Kimi maddeye önem verir, şu marka arabam olsun, şurda evim olsun, hesabımda da şu kadar param oldu mu benden mutlusu olmaz der.
Kimisi etrafında sadece kaliteli dost ister. Seni sen olduğun için seven, iyi günde kötü günde her zaman yanında olacagına emin olduğun, işi düştüğü için seni sürekli pohpohlamayacak türden insanlar.
Kimisi aman evleniyim, hemen çocuk yapayım, çocuğumla mutlu mesut yaşayayım, onun sevgisiyle büyüyüp kocaman olayım ister.
Kimisi de yalnız kalmaktan hoşlanır. Nerde çokluk orda bokluk hesabı, karmaşayı sevmez, herşeyi tadında, az ve öz yaşamayı sever.
Ama aslında hepsinin ortak bi noktası vardır. Bir şekilde mutlu olmak.
Ve kimse bilmez mutluluğun bir üst limiti olduğunu, istese de belirli bir seviyenin üstünde mutlu olamayacağını. Hep daha fazlasını ister. İsterki, daha fazlasına sahip oldukça mutluluğunun da o oranda artacağını düşünür.
Aslında basit bi insan yaratığı için oldukça kabul edilebilir ve düz bir mantıktır bu.
A ve B noktasından yola çıkan iki insanın hızlandıkça birbirlerine daha kısa zamanda yaklaşacağını göremeyen, hız değeri arttıkça aradaki mesafenin de artacağını düşünen, hayattaki ters orantıların farkında bile olmayan insanların yaşayış şeklidir bu.

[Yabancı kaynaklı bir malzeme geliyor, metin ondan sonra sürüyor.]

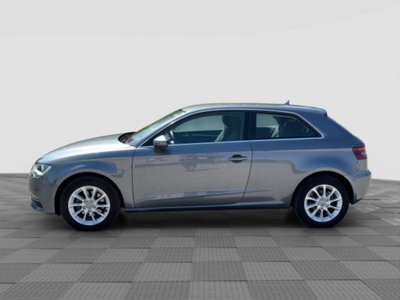 Audi A3 1.6 TDI Young (2)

Zamanın geçtiğini ve geçen her dakikanın doya doya yaşanması gerektiğini düşünemeyen, günlük hayatın telaşı içinde boğulmaktan etrafındaki güzellikleri fark edemeyen, hayatın bize verilmiş ne büyük bir nimet olduğunu göremeyen insanların felsefesidir bu.

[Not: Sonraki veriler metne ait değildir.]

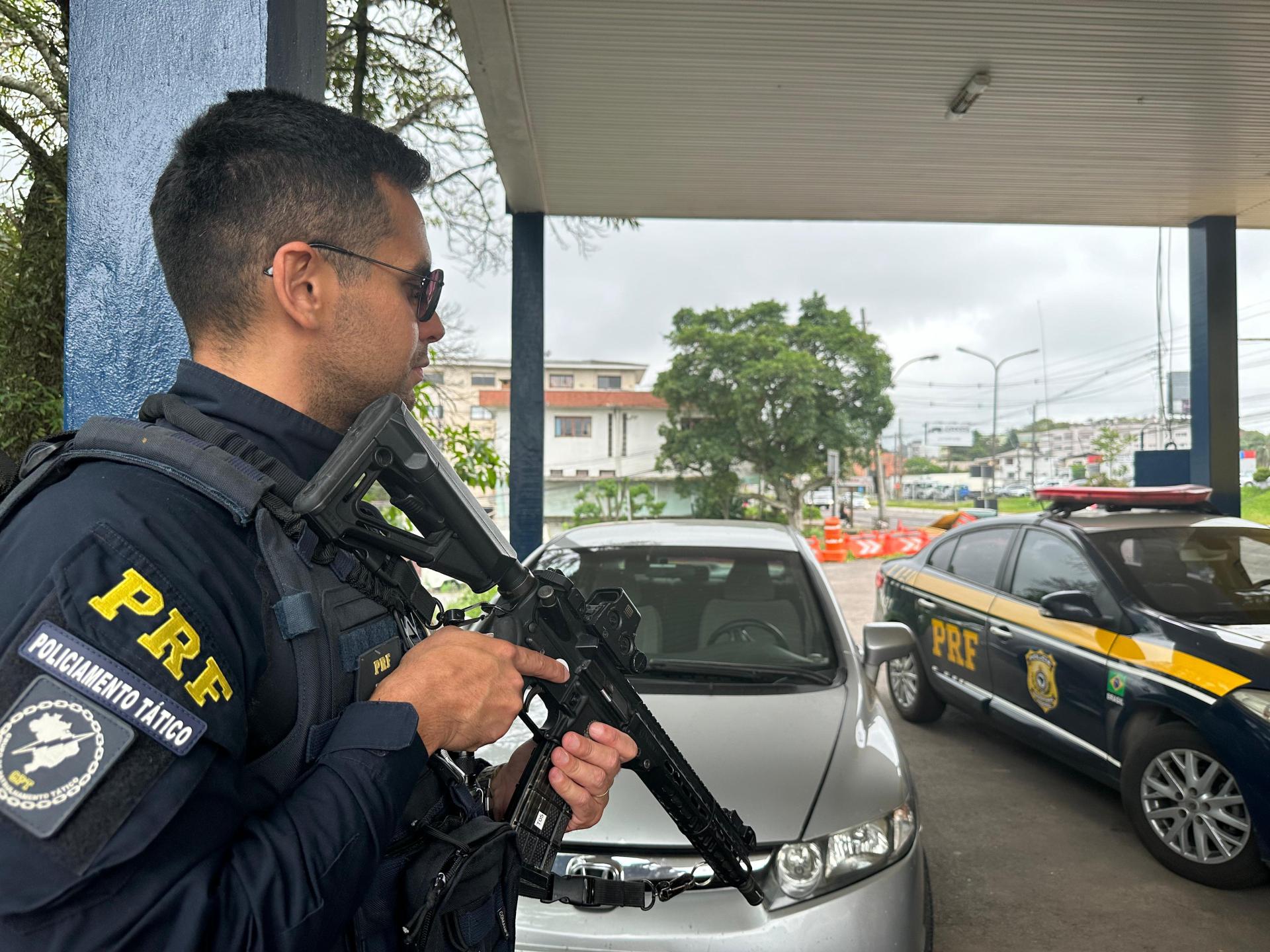 PRF prende dois estelionatários e recupera veículo adquirido pelo golpe do falso depósito em Caxias do Sul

Ulan minikkuş büyümüş de boyundan büyük laflar etmeye başlamış demeyin diye sözlerime burda son veriyorum.
Somut şeylerle değil, soyut ama varlığını hep hissettiren şeylerle beslenmeyi, onlarla mutlu olmayı sevdim ben.

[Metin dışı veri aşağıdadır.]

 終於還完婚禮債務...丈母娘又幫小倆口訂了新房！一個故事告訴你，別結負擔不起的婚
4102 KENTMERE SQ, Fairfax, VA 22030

Ne şanslıyımki blogum sayesinde benim gibi çok sayıda insan tanıdım.. Ailem gibi oldular, üzüntümde mutluluğumda hep yanımda oldular, oluyolar ve herzaman da böyle olacaklar buna eminim..
Kendimi bişey sanmama(!) izin verdiğiniz, beni minikkuş olarak her halimle sevdiğiniz ve bir şekilde hayatıma girip hep mutlu olmama vesile olduğunuz için teşekkür ederim hepiciğinize.
Bugün benim doğumgünümmüş, şımarmaya ve şımartılmaya en açık olmam gereken günmüş.